The downside of a monotonic clock is that it is only suitable for measuring elapsed time on a single node. Computing monotonic clock timestamps across different nodes in a distributed system would not make much sense.
In a distributed system, we look at time from a different angle. Instead of measuring time in seconds, we focus on accurately capturing the order of events. Formally, this is known as logical clock.
To understand logical clocks, let’s first look at an idea in computer science called happens-before relation. Happens-before is a relation that assumes, given two events, when one happens before the other, the output of the events must reflect this relationship. For example, if event e1 sends a message to event e2, then the message sent by e1 must have happened before it is received by e2 (e1 -> e2).
This is a partial order, it is possible for some event e1 to have happened neither before nor after another event e2. In such case we assume e1 and e2 to be concurrent (e1 || e2).
By concurrent, we do not mean e1 and e2 happened at the same time, instead we assume that e1 and e2 are independent events.
Now that we understand the happens-before relationship, let’s look at our first logical clock, Lamport clock.

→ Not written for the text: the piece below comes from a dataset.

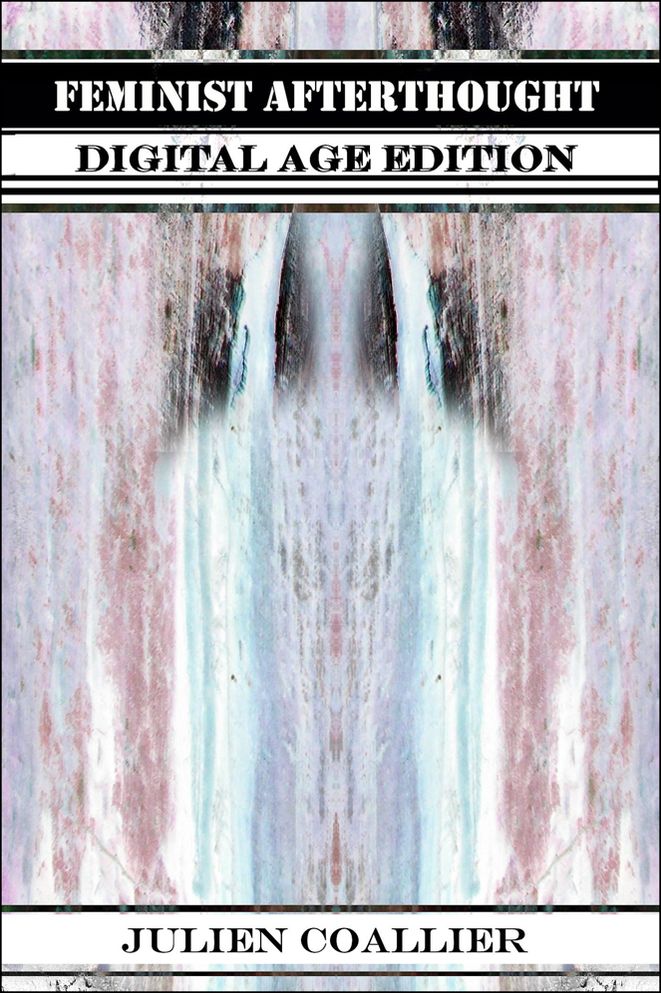 Feminist Afterthought: Digital Age Edition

A Lamport clock is a counter, responsible for counting the number of events that occurred and incrementing the counter with each occurrence. Each node in a distributed system has its own local Lamport counter, and the counter is incremented each time an operation is executed. When a node communicates with another node (for example when sending a message), the sender would attach its local Lamport counter with the message, and the receiver would increment its counter when the message is received.

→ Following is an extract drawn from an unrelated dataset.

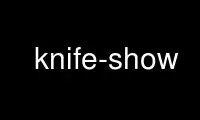Run knife-show in OnWorks free hosting provider over Ubuntu Online, Fedora Online, Windows online emulator or MAC OS online emulator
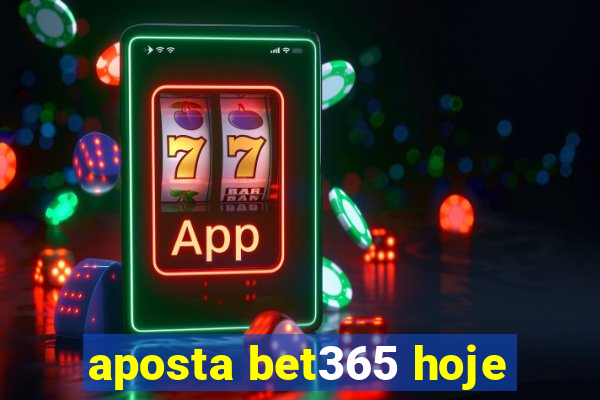 aposta bet365 hoje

The Lamport clock guarantees that if an event a happened before an event b, then b will always have a greater Lamport timestamp than a. The limitation of the Lamport clock is that the converse of this property is not true, i.e. if the timestamp of an event a is lower than the timestamp of another event b, then it is not possible to know if a actually happened before b or if they are concurrent.
In our diagram, we can see that event e has a lower timestamp than c but e did not happen before c. In this case, this implies that event e and c does not have a happens-before relationship i.e. they are concurrent (e || c).

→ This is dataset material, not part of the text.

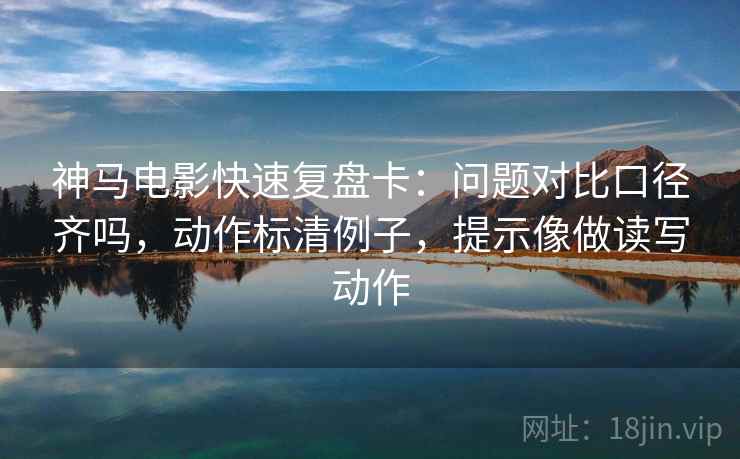 神马电影快速复盘卡：问题对比口径齐吗，动作标清例子，提示像做读写动作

In the above case, we had information about all the events in all three nodes, so we were able to determine that c || e, however, suppose, if we are only given two Lamport timestamps, a and b, and a is less than b, then we cannot really determine if a happened before b (a -> b), or if they are concurrent (a || b). In many cases, it would be useful to have this information, and for this reason, we have another logical clock called vector clock, which lets us determine if events are concurrent.
Vector clock is similar to Lamport clock, in the sense that both employ counters - In a Lamport clock, we have a single counter, whereas in a Vector clock we have an array of counters. Let’s understand vector clocks with an example, suppose there are three nodes in a distributed system N1, N2, and N3. Each node will have a vector timestamp implemented as [ tN1, tN2, tN3 ], where tN1, is the timestamp for N1, tN2 is the timestamp for N2 and so on. Initially, each timestamp in the array is set to 0, and when an operation executes on a node, the timestamp corresponding to that specific event is incremented by 1.